Several years of low long-term rates and rapid home price appreciation have come to an end, and U.S. RMBS will encounter increased challenges next year as a result, according to a new report released today by Fitch Ratings. In its Global Structured Finance Outlook
report for 2007, Fitch projects that 2006 vintage subprime mortgages will perform substantially worse in the coming year, with cumulative lifetime losses ultimately reaching 7 percent, the worst collateral losses of any vintage to date.
"Borrowers who took on more debt to keep up with home prices are now showing signs of strain as serious delinquencies are up in all RMBS segments," said Director Grant Bailey. "Increased borrower leverage and slowing home price appreciation will put negative pressure on RMBS, most notably, in the subprime sector."
Serious subprime delinquencies, in fact, have increased almost 50 percent year-over-year while the rate of downgrades has escalated in recent months. "Additionally, subprime RMBS' increased sensitivity to home price appreciation rates, coupled with a significant number of borrowers facing upward interest rate adjustments, will likely result in more subprime downgrades than upgrades next year," said Bailey.

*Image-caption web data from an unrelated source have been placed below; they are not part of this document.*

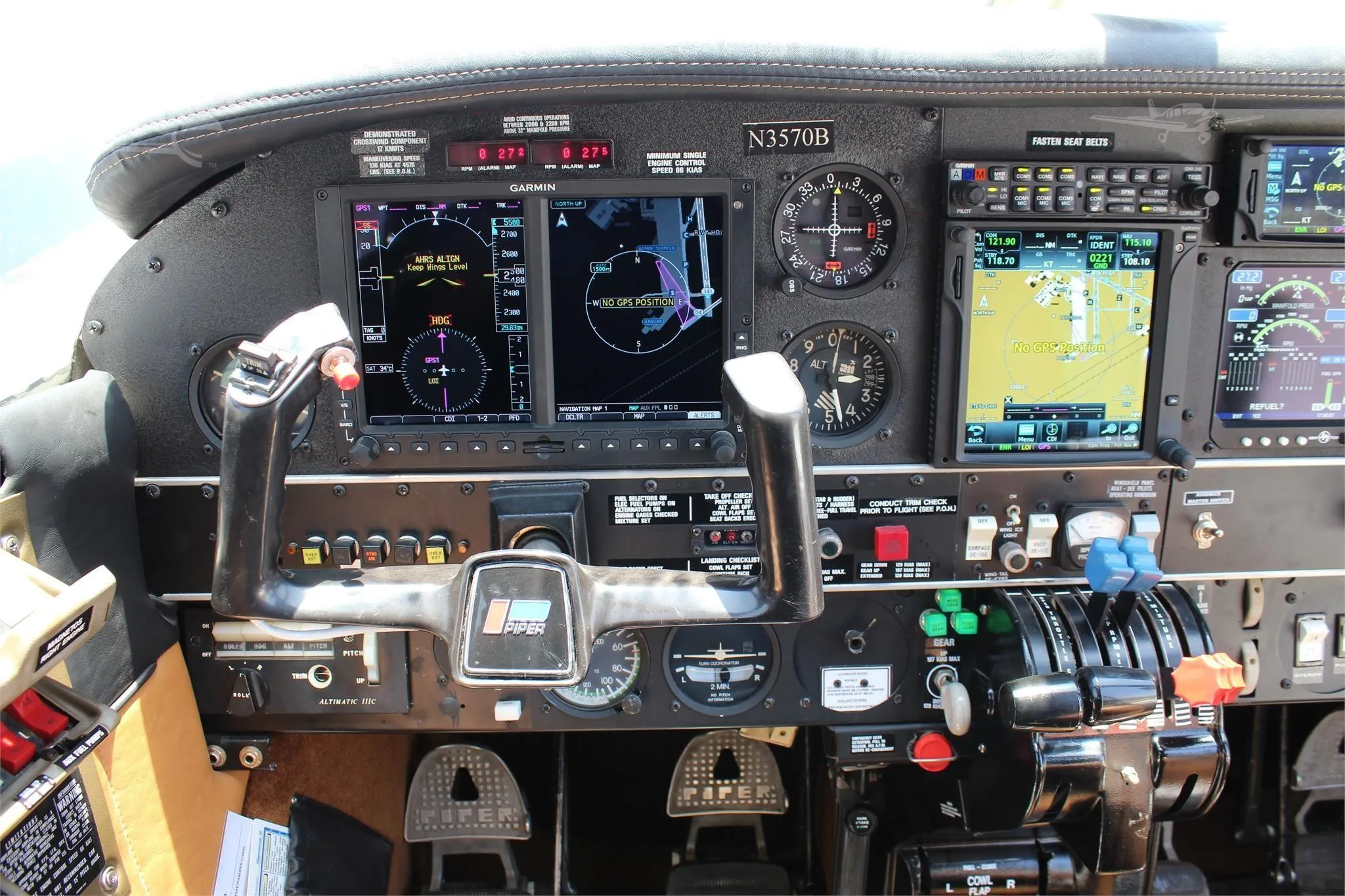 Cockpit and instrument panel of a 1980 PIPER SENECA II.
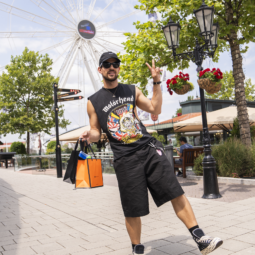 Dj pufflick v designer outlet parndorf.png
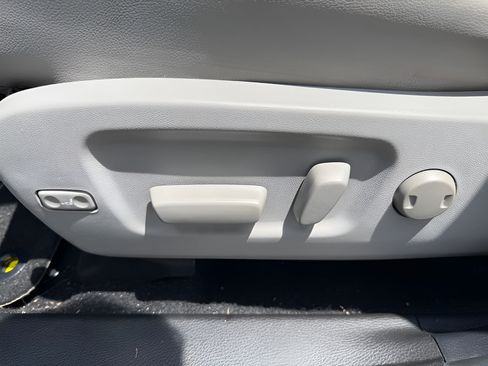 Used 2019 Toyota Highlander XLE FWD image 10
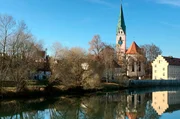 Den Gottesdienst in der evangelisch-lutherischen Stadtpfarrkirche St. Mang in Kempten gestaltet liturgisch Pfarrerin Maria Soulaiman, die Predigt hält Dekan Jörg Dittmar, Lektorin ist Nadine Dittmar. Kirchenmusikdirektor Frank Müller spielt die Orgel. Unter seiner Leitung musizieren Fabian Pablo Müller, Saxophon, ein Vokalensemble mit Christian Hilz und das Barockensemble capella ilaria. "Es ist vollbracht" wird auch musikalisch zu hören sein: aus der Bachkantate BWV 159.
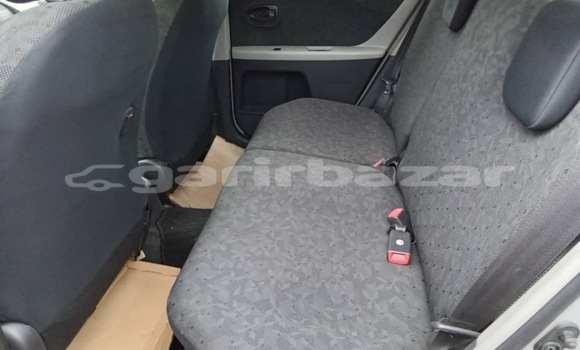 Acheter Neuf Voiture Toyota Vitz Gris à Yaoundé, Central Cameroon Acheter Neuf Voiture Toyota Vitz Gris à Yaoundé, Central Cameroon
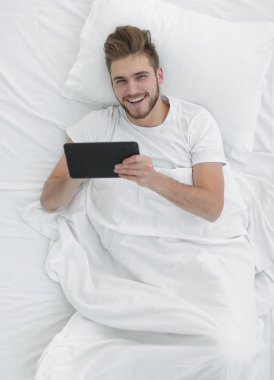 yakışıklı adam dijital bir tablete yazma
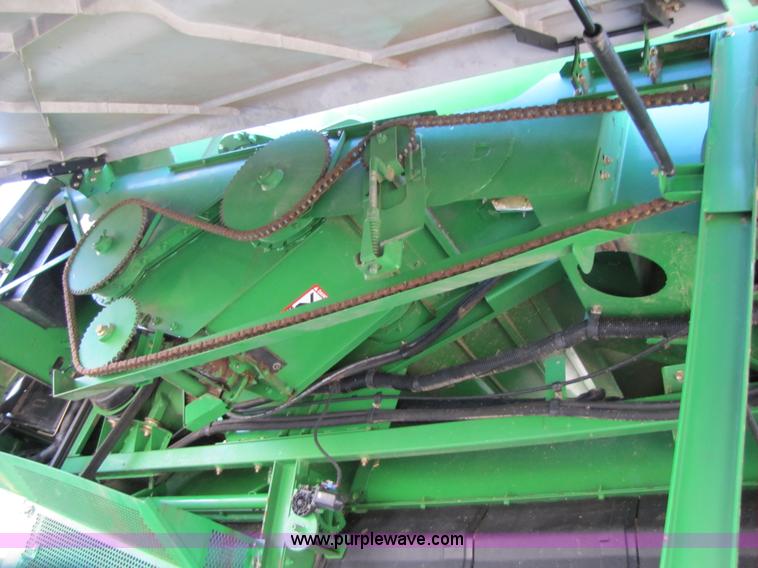 image for item 4229 2004 John Deere 9760 STS combine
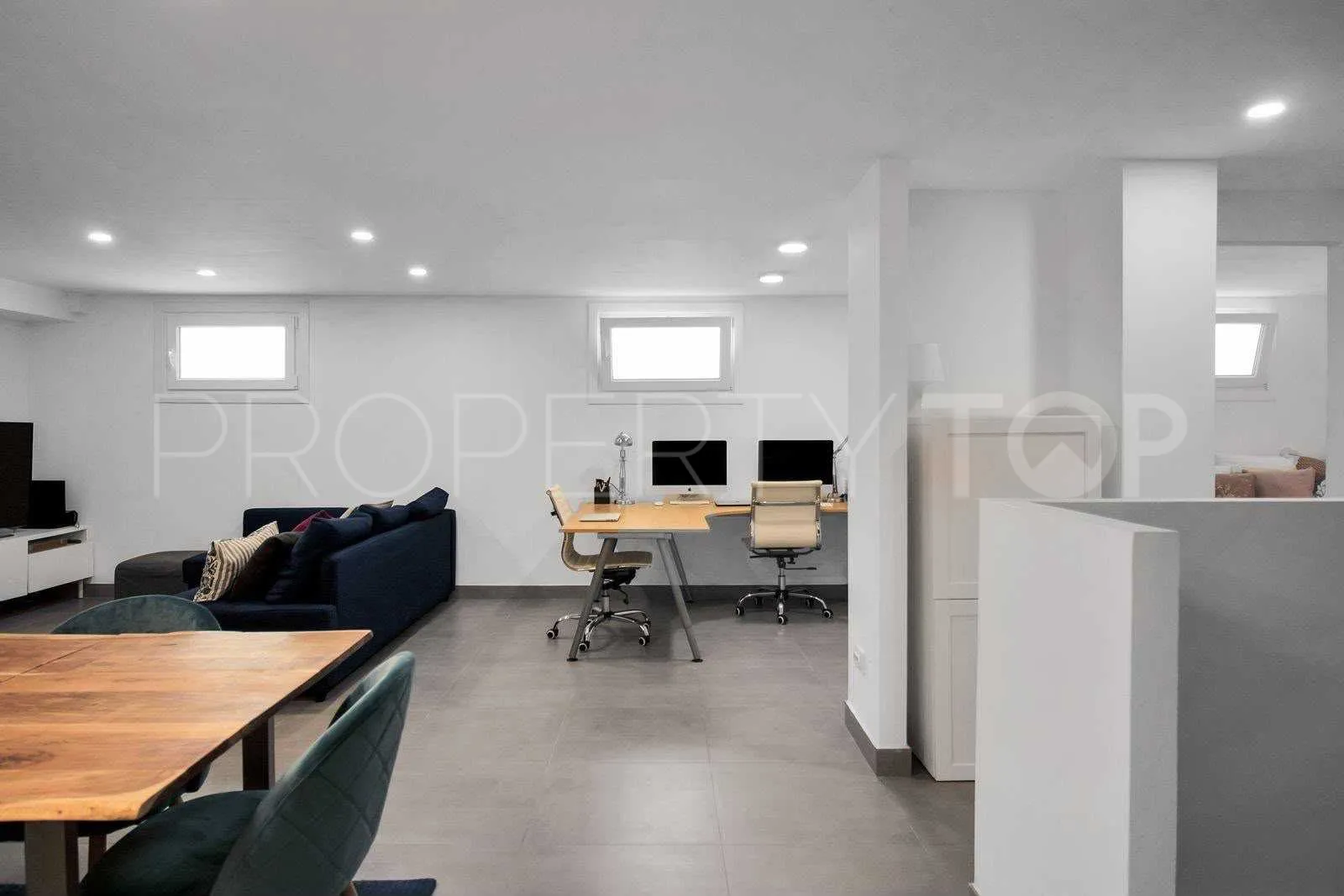 Doña Julia town house for sale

Though some collateral deterioration is expected in all RMBS segments, the potential drop-off appears to be more marginal in prime jumbo and Alt-A RMBS as the ratio of upgrades to downgrades may decrease but the outlook for both sectors should stay largely positive for 2007. Elsewhere, performance trends for both NIMs and "Scratch and Dent" RMBS will remain negative, while ironically, one of the historically more maligned areas of RMBS, manufactured housing, will be showing continued signs of stabilization next year.